A Bankart lesion can cause chronic shoulder instability, leading to recurrent dislocations and restricting a person's ability to perform routine tasks. If left untreated, it may result in long-term complications, including rotator cuff tears, joint degeneration, and chronic pain. Bankart repair is crucial in restoring shoulder stability, preventing recurrent dislocations, and improving overall quality of life.

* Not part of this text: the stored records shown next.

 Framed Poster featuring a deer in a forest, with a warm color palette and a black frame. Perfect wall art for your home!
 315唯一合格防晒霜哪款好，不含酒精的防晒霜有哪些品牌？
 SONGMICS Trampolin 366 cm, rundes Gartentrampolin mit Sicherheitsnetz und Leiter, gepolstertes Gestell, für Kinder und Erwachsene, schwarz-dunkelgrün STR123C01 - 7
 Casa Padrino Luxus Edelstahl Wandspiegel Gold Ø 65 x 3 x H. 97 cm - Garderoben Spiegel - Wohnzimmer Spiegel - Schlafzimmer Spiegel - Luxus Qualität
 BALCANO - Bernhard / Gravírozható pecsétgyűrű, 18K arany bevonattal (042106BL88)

Bankart repair is typically performed using arthroscopic techniques, which are minimally invasive and result in faster recovery than open surgery. The procedure is usually carried out under general anesthesia, and it involves the following steps:
Arthroscopic Inspection: The surgeon makes small incisions around the shoulder joint and inserts an arthroscope, a thin tube with a camera attached to it, to visualize the damaged structures inside the joint.

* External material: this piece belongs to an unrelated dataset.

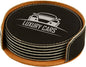 Black/Silver Leatherette Round 6-Coaster Set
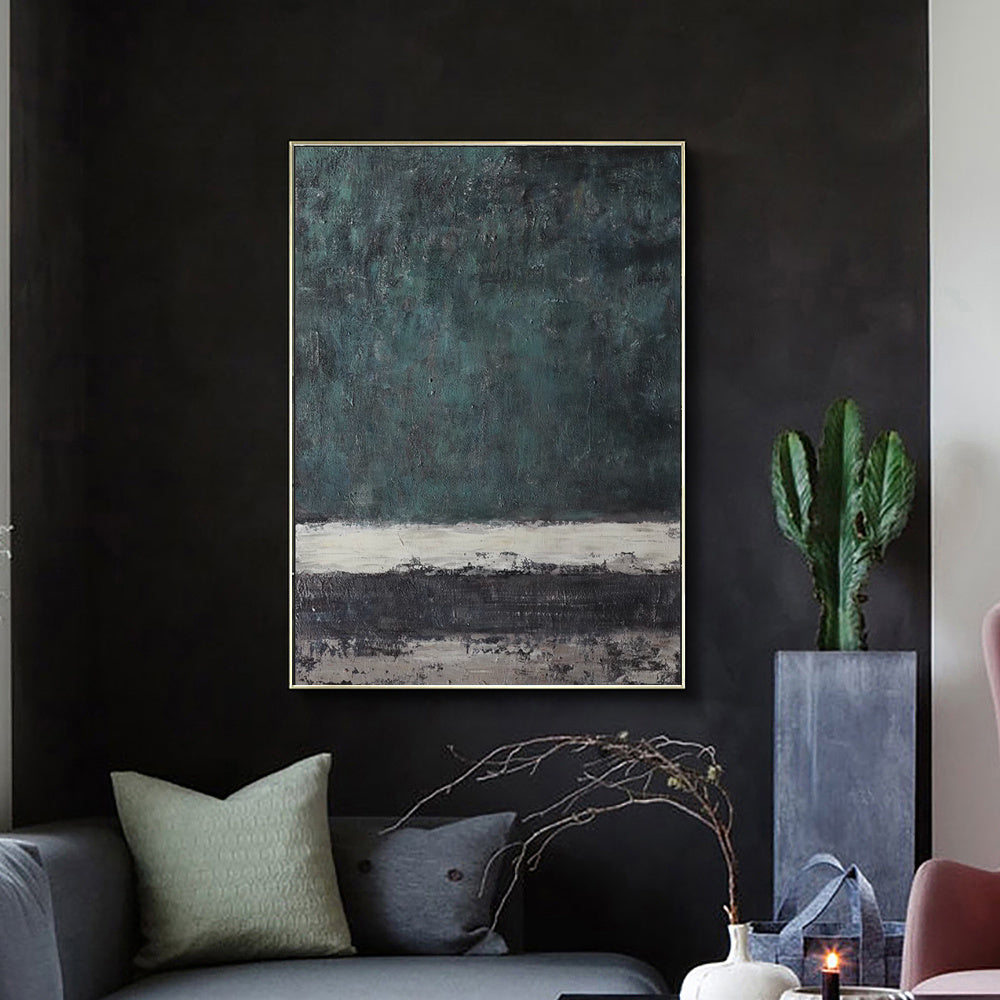 Large Abstract Handmade Painting Retro Green Texture Abstract Wall Art  Wabi-sabi Modern Home Living Room Decor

Labral Repair: Once the surgeon identifies the torn labrum, they use specialized instruments to reattach it to the glenoid using suture anchors. These anchors are drilled into the bone, providing a stable anchor point for the labrum to heal.
Capsular Shift: In some cases, the shoulder capsule may also be stretched or torn, contributing to instability. The surgeon may tighten and repair the capsule to enhance shoulder stability further.
Subacromial Decompression (Optional): If there are signs of impingement syndrome, where the rotator cuff tendons are compressed during arm movements, the surgeon may perform a subacromial decompression to create more space and alleviate pressure.
Closure: Once the repairs are complete, the incisions are closed using stitches or adhesive strips, and a sterile dressing is applied.
After Bankart repair, a comprehensive rehabilitation program is essential to optimize recovery and regain full shoulder function. Rehabilitation typically starts soon after surgery and involves a carefully tailored combination of exercises to restore strength, flexibility, and range of motion. Physical therapy plays a crucial role in gradually reintroducing the shoulder to everyday activities and sports.
Patients are advised to follow their surgeon's and physical therapist's instructions diligently, avoiding activities that put excessive strain on the healing shoulder. It is essential to be patient throughout the recovery process, as it may take several months for the shoulder to fully heal and regain its pre-injury strength.